The Magic of Purace National Park: A Snapshot
Puracé isn’t just another national park; it’s a treasure trove of natural wonders waiting to be discovered. Here’s why it should make it to your Colombian itinerary.
Volcanic Vistas and More
- The Quechua translation of Puracé is “Mountain of Fire,” perfectly encapsulating its volcanic character.
- Traddling across several municipalities in the departments of Cauca and Huila, the park is a part of the Macizo Colombiano.
- It spans an impressive 83,000 hectares.
- Temperatures here oscillate between 12°C and a biting -2°C, so pack accordingly.
- The park is the cradle of Colombia’s most important rivers like Magdalena, Cauca, and Caquetá.

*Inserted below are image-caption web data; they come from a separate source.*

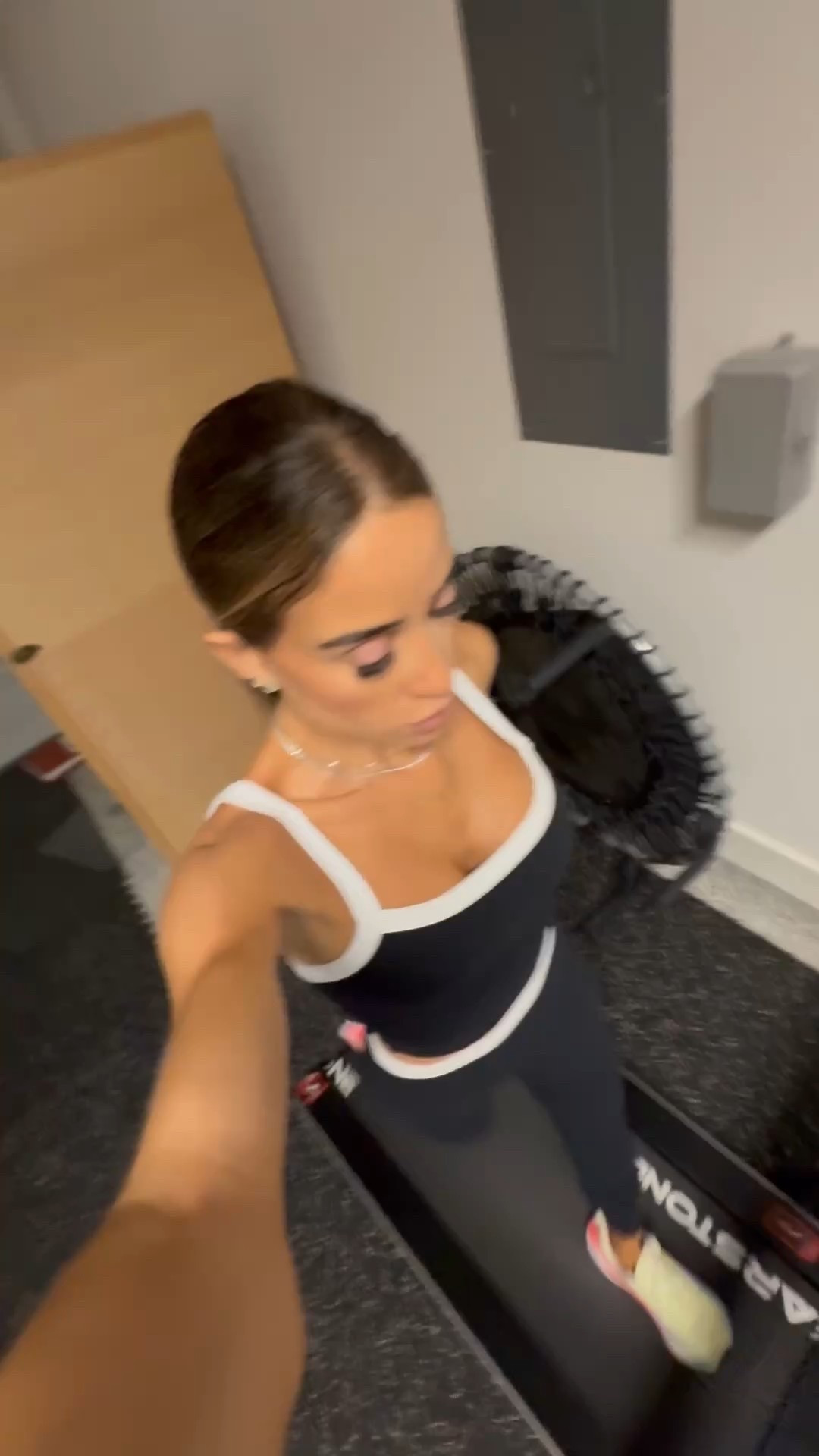 Linking my workout tank and leggings and pink hoodie size xs Vuori shorts- we go to aya med spa in dallas for Botox/filler 

#LTKdayinmylife #LTKFindsUnder100 #LTKFindsUnder50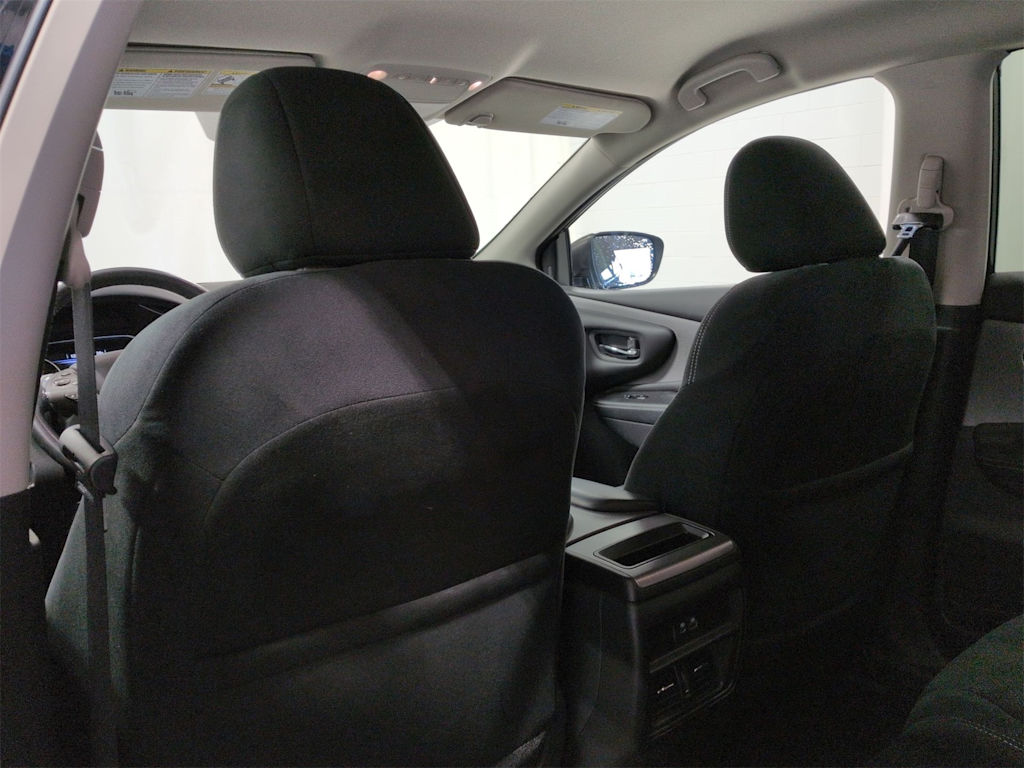 Thumbnail: 2021 Nissan Murano - 11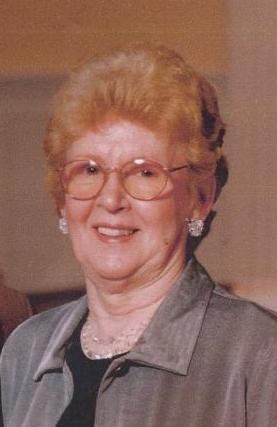 Obituary of Doris Mae Norton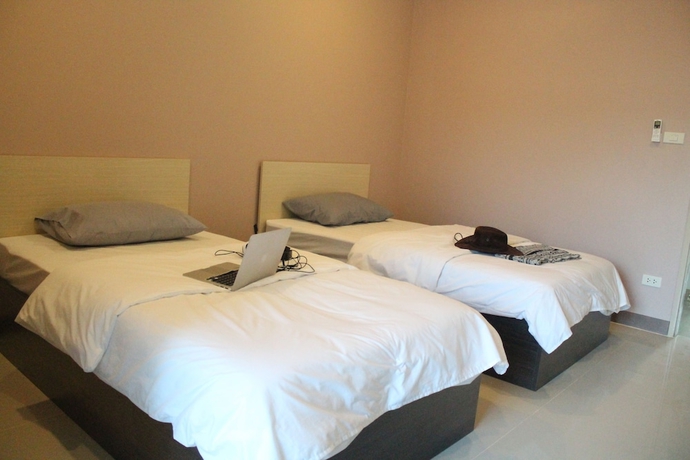 Imagen de la habitación del Hotel At Ease Residence Suvarnabhumi. Foto 15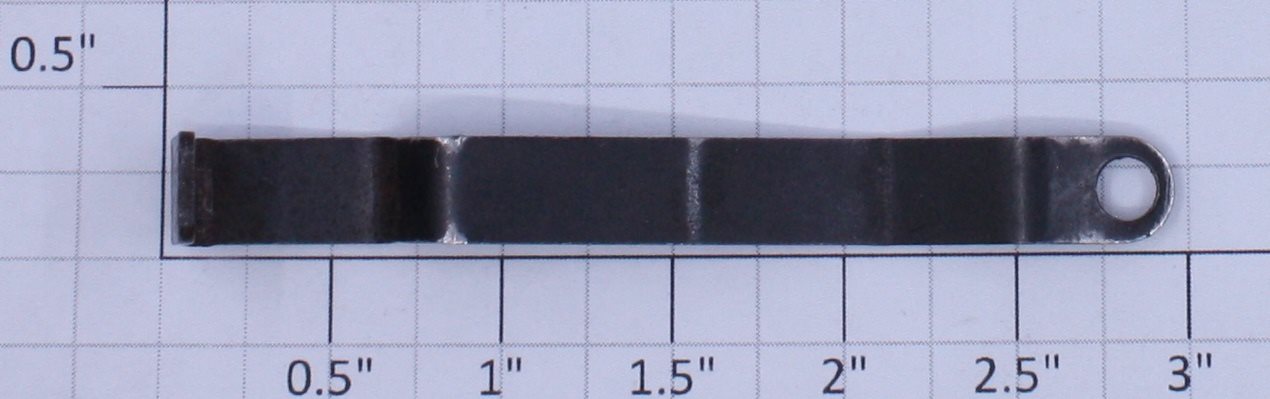 Lionel 2036-15 Drawbar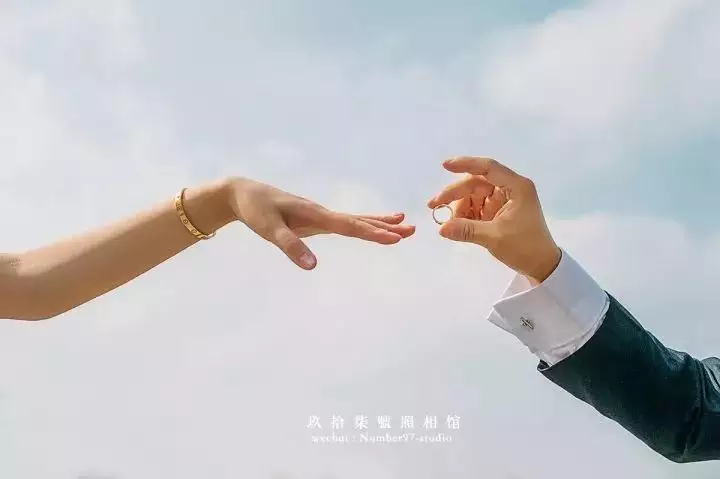 1、的說法是結婚的東西不能送人還是談對象時候的東西都不能送人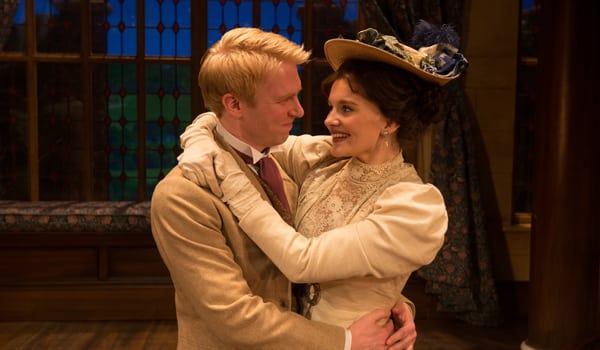 The Importance Of Being Earnest at Vaudeville Theatre
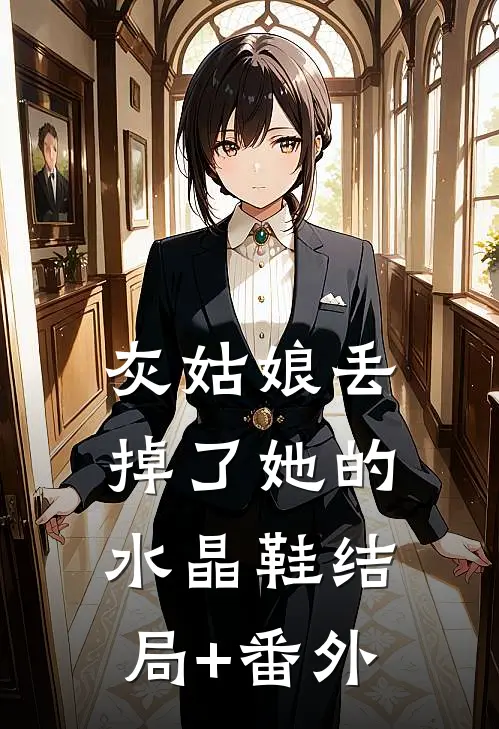 灰姑娘丢掉了她的水晶鞋结局+番外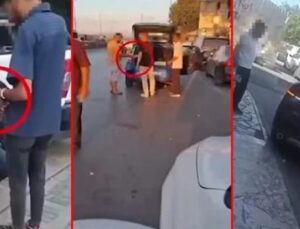 İstanbul’da Korsan Otopark&ccedil;ılara Şok Baskın: 23 G&ouml;zaltı!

- Puracé is one of the most active volcanoes in Colombia, with its peak soaring almost 4700m above sea level.
A Bounty of Biodiversity
- The park is a haven for birdwatchers, with species like the lofty Andean condor, vibrant hummingbirds, and ducks calling it home.
- It’s not just the birds; diverse mammals like spectacled bears, deer, and pumas can be spotted too—if you’re (very) lucky.
- Puracé’s vegetation is a mix of endangered species like the Colombian pine and wax palm, along with a striking páramo.
Tips Puracé National Park
Don’t skip this section before planning your trip to the Purace Volcano.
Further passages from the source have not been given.